Each pocketed $500 in prize money for their efforts.
Leib plans on using the $1,000 she made this weekend — she also won Saturday’s Old Town Criterium — on a new bike.
Gottwald said he plans on donating his split — after dividing some of it among his teammates — to a charity.
“I like to give me race winnings away to Active Water, which is for the global water crisis,” said Gottwald, who rides for Team Priority Health. “I’m 42 years old, and I’ve won dozens of races. I’m a dad, a husband, a pilot. I’m not doing this for another win. I’m doing this to use my God-given talent and show people that there’s people in need.”

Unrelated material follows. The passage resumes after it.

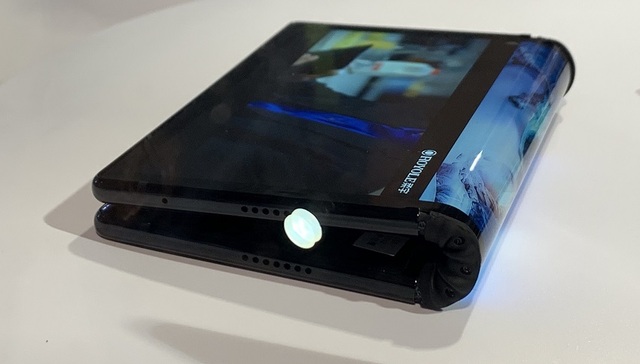 谷歌,OLED屏幕,USPTO,LTPS-AMOLED,MWC,屏幕材质,手机厂商,苹果手机,家电领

Activewater.org is a Portage-based charity that builds wells and sand filters in third-world countries.
“It’s something I’m pretty passionate about,” Gottwald said. “Especially us cyclists, we drink water like it’s nothing in this country. We’re so far removed from that. But when you realize a child dies every 15 seconds under the age of 5 someplace in the world because they don’t have clean water, it’s like, ‘Dude, do you think you can drill it for four hours like I did today so a guy can have a clean drink of water?’”
A Farmington Hills resident, Leib said her kids are already clamoring for the cash.
“My kids want presents and iPhones,” Leib chuckled. “I told them I was going to buy a new track bike.”
It marks the second straight year that the same woman has both the criterium and road race.
Gottwald said he hasn’t won a race since last summer in West Branch, although he’s claimed several King of the Mountain titles recently, including last year’s hill-climbing honor at the Roubaix.
“The KOM was nice, but boy, I’ll take the win over the KOM any day,” Gottwald said.
Late in the race, Gottwald, Ryan Cross Cross, Robert Smallman and Kevin Depasse broke away from the peleton and surged ahead.
“I told my team, ‘I don’t have the legs to do this completely solo, so I have to take some guys with me,’” Gottwald said. “My intent was to take guys with me until about eight miles to go and then do what I need to do. I threw in some attacks and lost all three guys, and then Ryan Cross bridged back up on a descent with about five miles to go. And then Ryan said, ‘Dude, I’m cramping up. Just give me a respectable second.’ Ryan is no slouch, and I was concerned that he was playing games with me. I really thought he was trying to mess with me and beat me at the line, because he’s a phenomenal sprinter. Lo and behold, I came up the last climb and started easily pulling away. So I had plenty of time to relax, which is rare for a guy that’s 42 years old. If I win, it’s (usually) by inches.”
Cross finished second, Smallman third and Depasse fourth. Defending champion Sven Baumann was sixth, with Mike Anderson fifth.
Gottwald said in two weeks he’s renting the velodrome in Indianapolis and hopes to set new 100-mile time trial world record.
“Hopefully that goes well,” said Gottwald, who has raced in the area since the 1990s, including a Tour de Leelanau third-place finish in 2006. “This is a great prelude into that.”
Leib was third in the women’s Category 3 last year. This time around, categories 1, 2 and 3 were all included in one women’s pro division.
“I was in a break and last year I got dropped from the break,” Leib said. “This year, I was able to contend at the line for a sprint, whereas last year someone rode away from the field.
“We got into a break today. There were six of us. Everyone was super strong. We worked very hard together and it came down to the finish. We were at about mile 14, and there were nine of us. And then about mile 20, there were six of us. The six of us stayed together the rest of the race. I think we knew it wasn’t going to break up at that point. People tried to a couple times, but they realized that the six of us were pretty strong and we were going to work together well to the finish. I just had to decide when I wanted to attack on that last hill. That last one is a bit uphill, so I just knew I had to attack and go and not look behind me.”
The Wolverine Sports Club rider won the May 18 road race at Winona Lake, Ind. and was second in Das Tour De Frankenmuth a week later.
Like Saturday’s Old Town Criterium, the road race course was the same as last year, but run in the opposite direction.
“It’s much harder, I thought, in terms of the finish, because it’s an uphill sprint finish” Leib said. “Whereas last year, you had a straightaway to really get your sprint. This year, you really need to attack (the hill) to get your sprint.”